Posted by: dh | October 26, 2014 at 09:50 PM
I agree with Michael Meir.
Pc should be only a stop gap measure to prevent LOSS of ( probable) evidence, but further extraction should be contingent upon SW. If none is legally obtained then any findings shoud be inadmissible in a court of law.
Sucks but it protects our ammendments , & keeps abuse of power in check. Kinda like our inoperable paralyzed capital hill balance system......
Posted by: MrsAdler.com | October 27, 2014 at 05:40 AM
You trust cops with your cell phone?
http://www.contracostatimes.com/my-town/ci_26793090/warrant-chp-officer-says-stealing-nude-photos-from
Posted by: WoolSilkCotton; I must be seen to be believed | October 28, 2014 at 07:24 AM
-Benny forer,
What determines exigency as surely this was no kidnapping scenario and is parameters defined at the state or federal level as one size fits all vs. case by case basis ?
http://www.foxnews.com/politics/2014/10/28/lawmaker-claims-plans-may-be-in-pipeline-to-bring-non-citizens-to-us-for-ebola/
Posted by: MrsAdler.com | October 29, 2014 at 10:43 PM
A Circuit Court judge in Virginia has ruled that fingerprints are not protected by the Fifth Amendment, a decision that has clear privacy implications for fingerprint-protected devices like newer iPhones and iPads.
According to Judge Steven C. Fucci, while a criminal defendant can't be compelled to hand over a passcode to police officers for the purpose of unlocking a cellular device, law enforcement officials can compel a defendant to give up a fingerprint.
The Fifth Amendment states that "no person shall be compelled in any criminal case to be a witness against himself," which protects memorized information like passwords and passcodes, but it does not extend to fingerprints in the eyes of the law, as speculated by Wired last year.
Judge Steven C. Frucci ruled this week that giving police a fingerprint is akin to providing a DNA or handwriting sample or an actual key, which the law permits. A pass code, though, requires the defendant to divulge knowledge, which the law protects against, according to Frucci's written opinion.

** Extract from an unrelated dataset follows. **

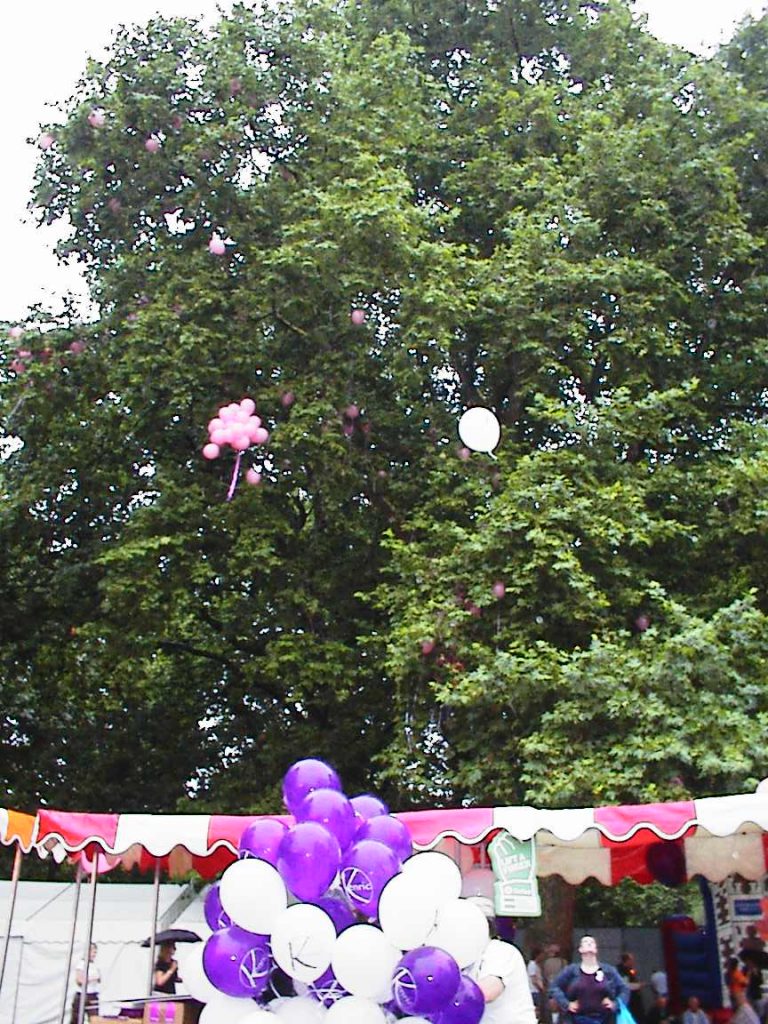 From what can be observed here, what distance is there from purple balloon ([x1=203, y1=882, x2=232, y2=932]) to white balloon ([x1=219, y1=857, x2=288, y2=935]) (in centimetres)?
34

The ruling stemmed from a case involving David Baust, who was accused of strangling his girlfriend. Prosecutors believed Baust may have stored video of the attack on his phone, and requested that the judge force him to unlock it. If protected by a passcode, Baust will not be required to unlock his phone under the Fifth Amendment, but if protected with a fingerprint, he could potentially be forced to unlock the device.
If Baust's phone is an iPhone that's equipped with Touch ID, it's very likely that it will be passcode locked at this point and thus protected by law. Touch ID requires a passcode after 48 hours of disuse, a restart, or three failed fingerprint entry attempts, and the device has probably been in police custody for quite some time. It is unclear if the judge's ruling will have an impact on future cases involving cellular devices protected with fingerprint sensors, as it could be overturned by an appeal or a higher court.
Posted by: MrsAdler.com | October 31, 2014 at 04:20 PM
Confusing the issues MrsAdler. The fingerprint case is a 5th amendment issue. The cell phone search is a 4th amendment issue.
Re exigency: its only in a scenario of destruction of evidence (there was no issue here, they could have gotten a warrant) or an actual real-time emergency (like a kidnapped victim needing to be found). Hypothesizing about some possible exigency is insufficient. That idea isn't new, its the exigent-circumstance exception to the warrant requirement that has been around for a long time.
Posted by: Benny Forer | November 03, 2014 at 10:48 PM
Gotcha. Thanks for clarying without oversimplifying.